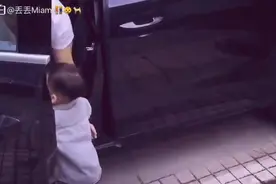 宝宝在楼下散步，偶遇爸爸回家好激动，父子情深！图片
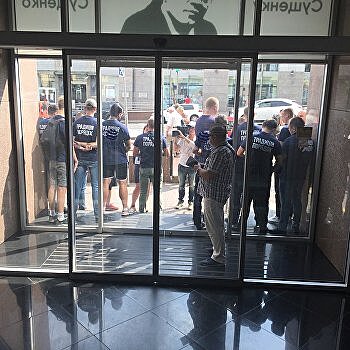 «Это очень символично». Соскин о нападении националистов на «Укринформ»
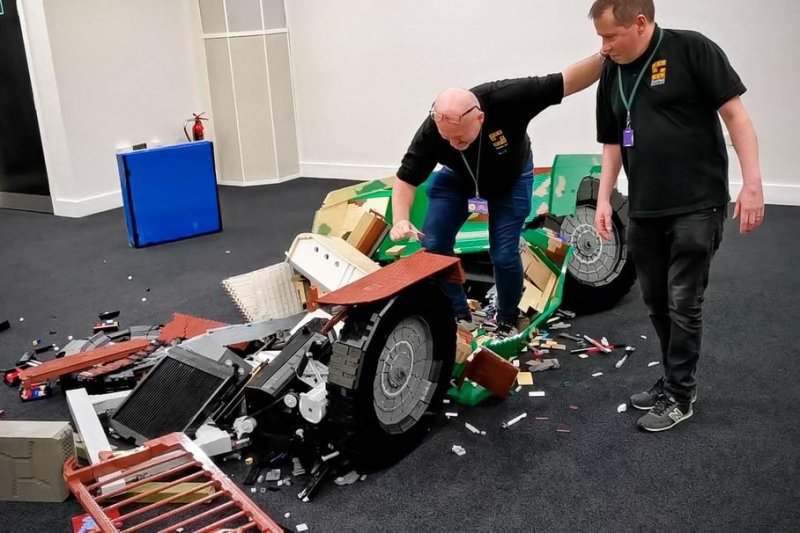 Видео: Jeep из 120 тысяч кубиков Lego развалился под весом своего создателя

****

▸ **Task description**
Produce a verbatim transcription of every line in the listing, images omitted.

▸ **Reply to the task**
 宝宝在楼下散步，偶遇爸爸回家好激动，父子情深！图片
 «Это очень символично». Соскин о нападении националистов на «Укринформ»
 Видео: Jeep из 120 тысяч кубиков Lego развалился под весом своего создателя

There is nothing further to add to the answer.